START Material supplied
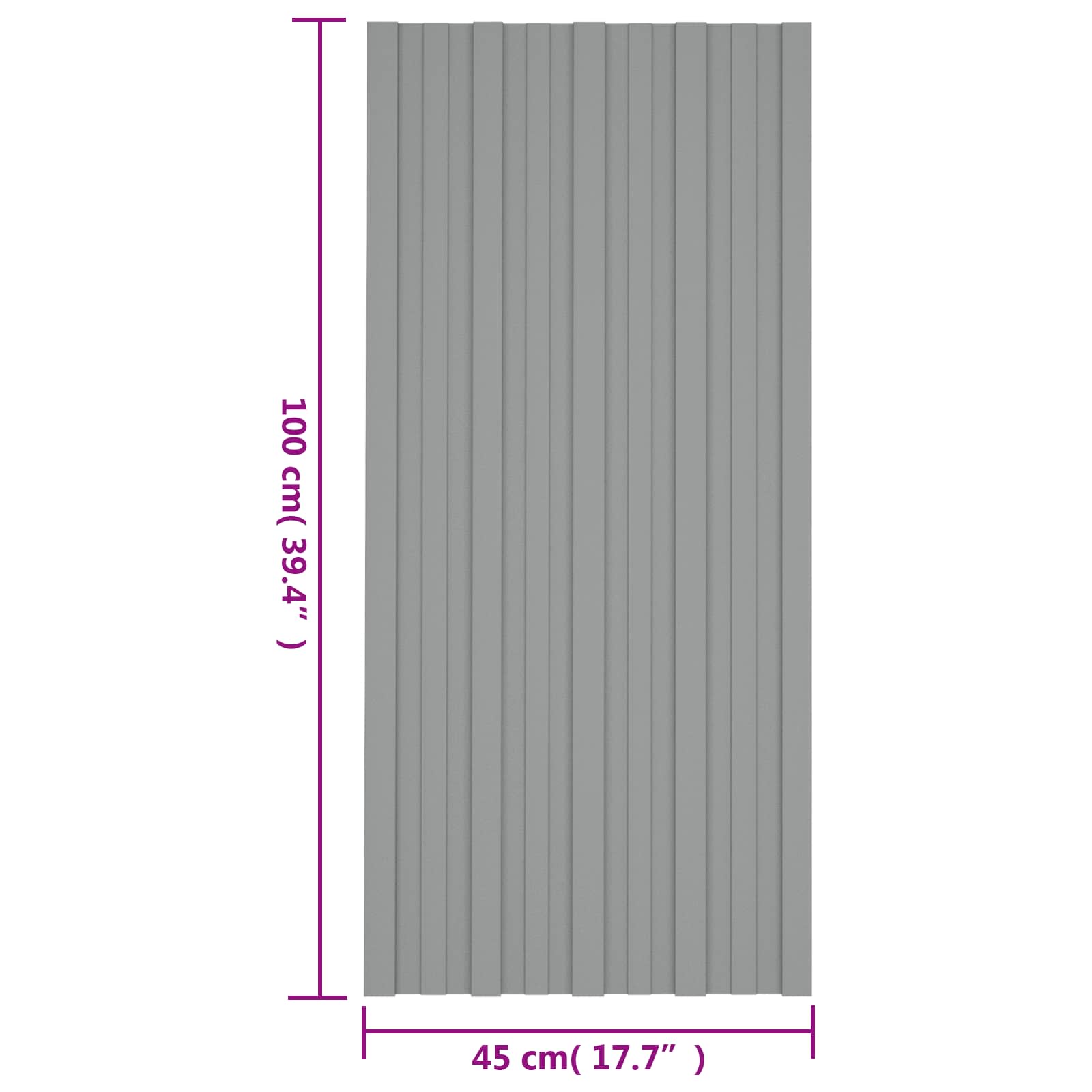 Krovni panel 12 pcs Siva 100 x 45 cm Pocinčani čelik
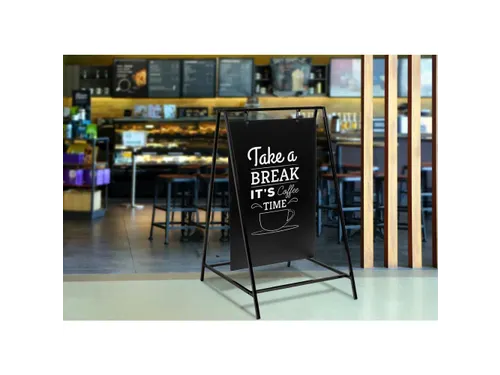 Krijtstoepbord Swing 50x70cm Zwart industrieel frame 15mm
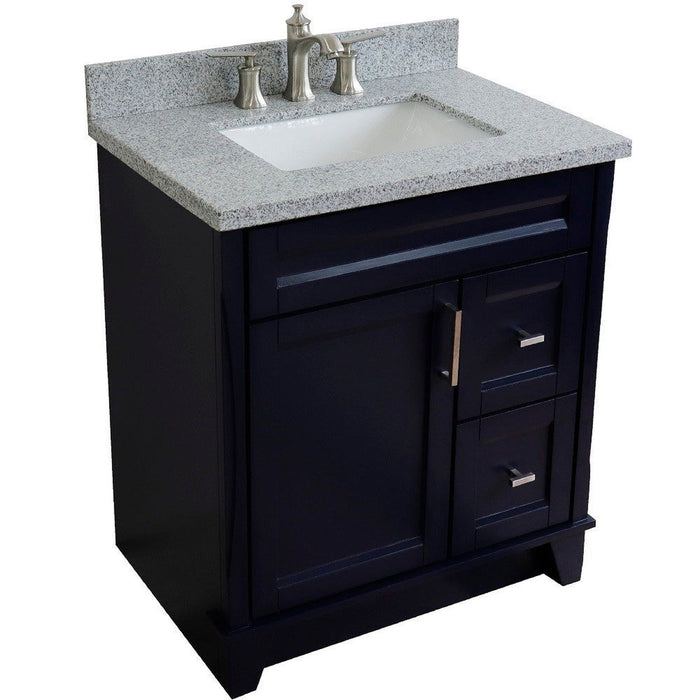 Bellaterra Home Terni 31" 1-Door 2-Drawer Blue Freestanding Vanity Set With Ceramic Undermount Rectangular Sink and Gray Granite Top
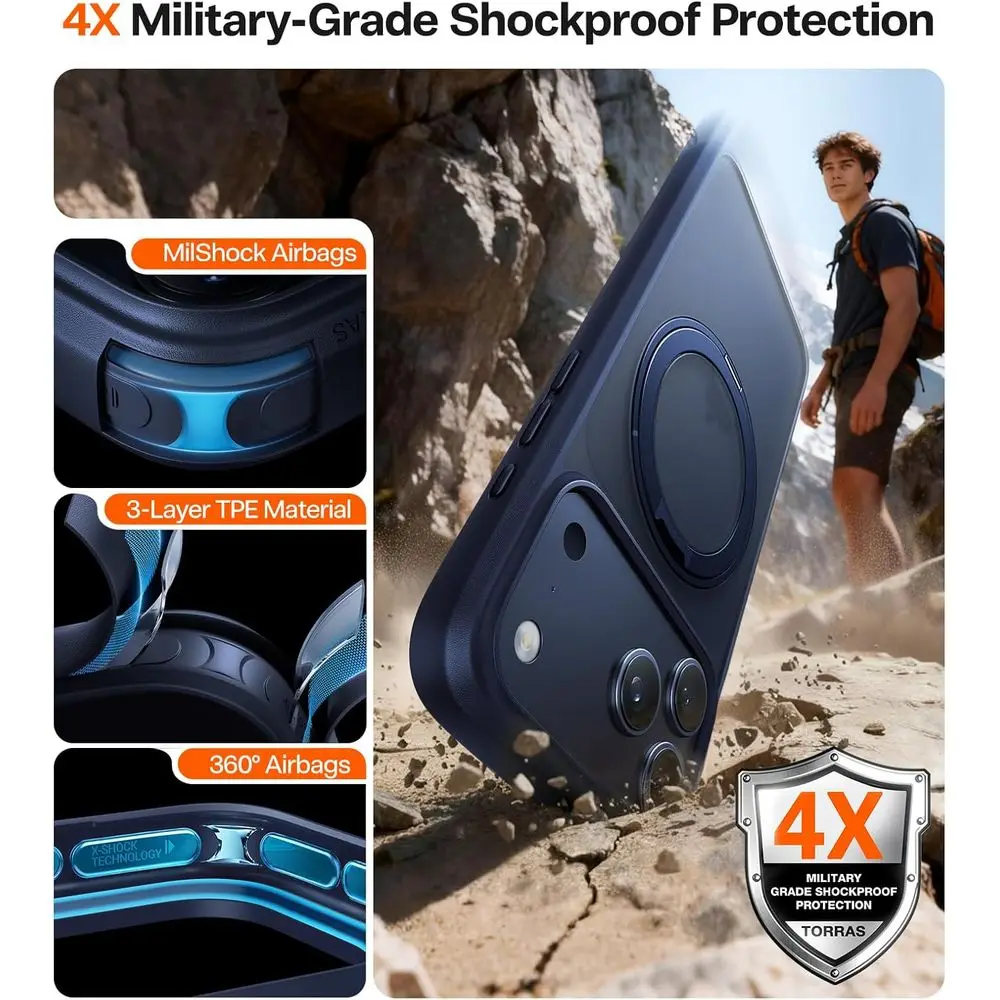 Verbeterde 360 magnetische standaard voor iPhone 17 Pro Max hoesje, geschikt voor MagSafe met ring, 4X Mil-grade bescherming, camerabediening, Tran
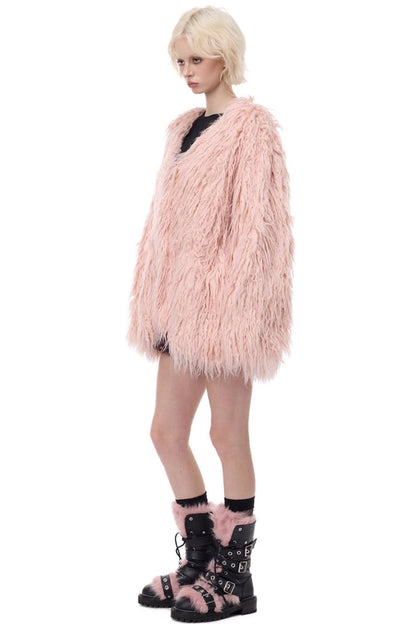 V-Neck Shearling Fur Jacket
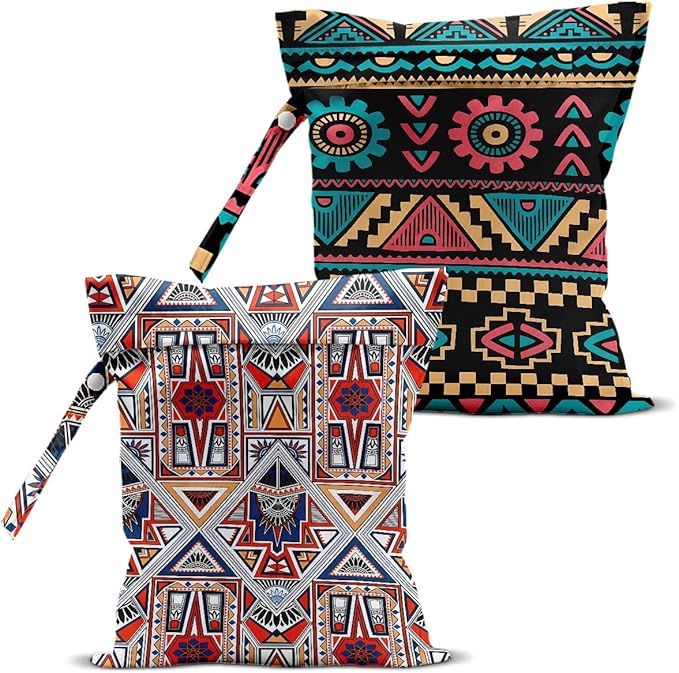 2Pcs Ethnic Print Wet Bags, Wet Dry Bag Reusable Zipper Pouch for Swimsuit, Diapers, Travel, Pool, Beach, Dirty Yoga Gym Clothes, Toiletries, Waterproof Birthday Christmas Gifts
END Material supplied
- **Task item**:
Make an exact copy of the lines from the top of the material through the line with "Verbeterde 360 magnetische", pictures excluded.

- **Written solution**:
 Krovni panel 12 pcs Siva 100 x 45 cm Pocinčani čelik
 Krijtstoepbord Swing 50x70cm Zwart industrieel frame 15mm
 Bellaterra Home Terni 31" 1-Door 2-Drawer Blue Freestanding Vanity Set With Ceramic Undermount Rectangular Sink and Gray Granite Top
 Verbeterde 360 magnetische standaard voor iPhone 17 Pro Max hoesje, geschikt voor MagSafe met ring, 4X Mil-grade bescherming, camerabediening, Tran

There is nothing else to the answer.